Твердохлебов выехал из штаба дивизии, когда совсем стемнело. Дождь все сыпал и сыпал, и подслеповатые фары с трудом освещали раскисшую дорогу. Боец Степка Шутов крутил баранку, напряженно всматриваясь в дождливую мглу.

— Жрать хочется — сил моих нету. Второй день воду пью, — вздохнул Шутов. — А вам не хочется, Василь Степаныч?

— Как ты в штрафбат загремел, Шутов? — вместо ответа спросил Твердохлебов.

— Вы разве мое дело не видели?

— Видел, наверное, да подзабыл. Вас много, а я один.

— А меня жинка комдива соблазнила, — просто ответил Шутов. — А комдив узнал и в особый отдел на меня стукнул.

Твердохлебов засмеялся, покрутил головой.

— Ну ты и телок, Степан, ну и телок на веревочке…

— Да, телок! — нахмурился Шутов. — Вы бы видели эту бабищу. Она как клещ в меня впилась, ни вправо, ни влево.

— Ты ординарцем, что ли, при комдиве был?

— Да нет, при штабе посыльным, ну и переводчиком заодно…

— Немецкий знаешь? — удивился Твердохлебов.

— Балакаю мало-мало… Ну, дак я про что? Она, ну, жинка комдива, — начальница шифровального отдела. А вертелась все время в штабе. Мне вообще-то ребята сказали, мол, остерегись этой бабы — она по молодым мальчикам большая любительница, а я — да ладно, че мне бояться-то? Мне и молодых радисток хватало…

— Н-да-а, попал ты в переплет, Степан… Теперь вот, значит, кровью вину свою перед родиной искупать надо, — усмехнулся Твердохлебов.

— Да я искуплю, — обиженно ответил Шутов. — Только родина-то здесь при чем?

— А не надо на замужних баб падать. Кто на замужних баб зарится, тот и родину запросто продаст, — все усмехался Твердохлебов.

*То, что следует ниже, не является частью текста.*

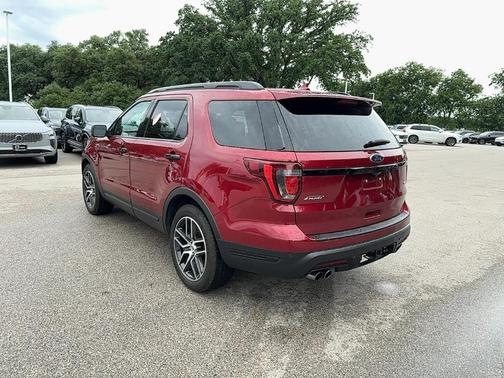 2019 Ford Explorer sport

— Да не зарился я! — уже всерьез обиделся Шутов. — Она сама меня, как щука здоровенная, зажала, не вырвешься… — В глазах у Шутова стояли слезы. — И удовольствия никакого… будто смену на заводе отстоял!

Твердохлебов захохотал во все горло…

Они тащили вещевые мешки с большими кастрюлями и еще связку пустых мешков. Сначала шли во весь рост, а перед самыми позициями заградотряда легли и поползли.

В темноте сквозь кисею дождя стали едва различимы брустверы с пулеметами. Мелькали огоньки папирос, смутно слышались голоса.

— Вот из этих пулеметов они наших захерачили, — прошептал Хорь, обернувшись к Григорию Дзурилле. — Когда они в тыл побежали.

— Не надо было бежать… — просипел Дзурилло.

— Хватит вам трепаться, — оборвал их Петр Воскобойников. — Будем глушить или нет?

— А мимо них нельзя проползти? — спросил Дзурилло.

— Куда мимо? Там проволока с консервными банками натянута… и колья понатыканы…

— Тогда будем глушить, — решил Дзурилло и первым пополз к брустверу с пулеметом.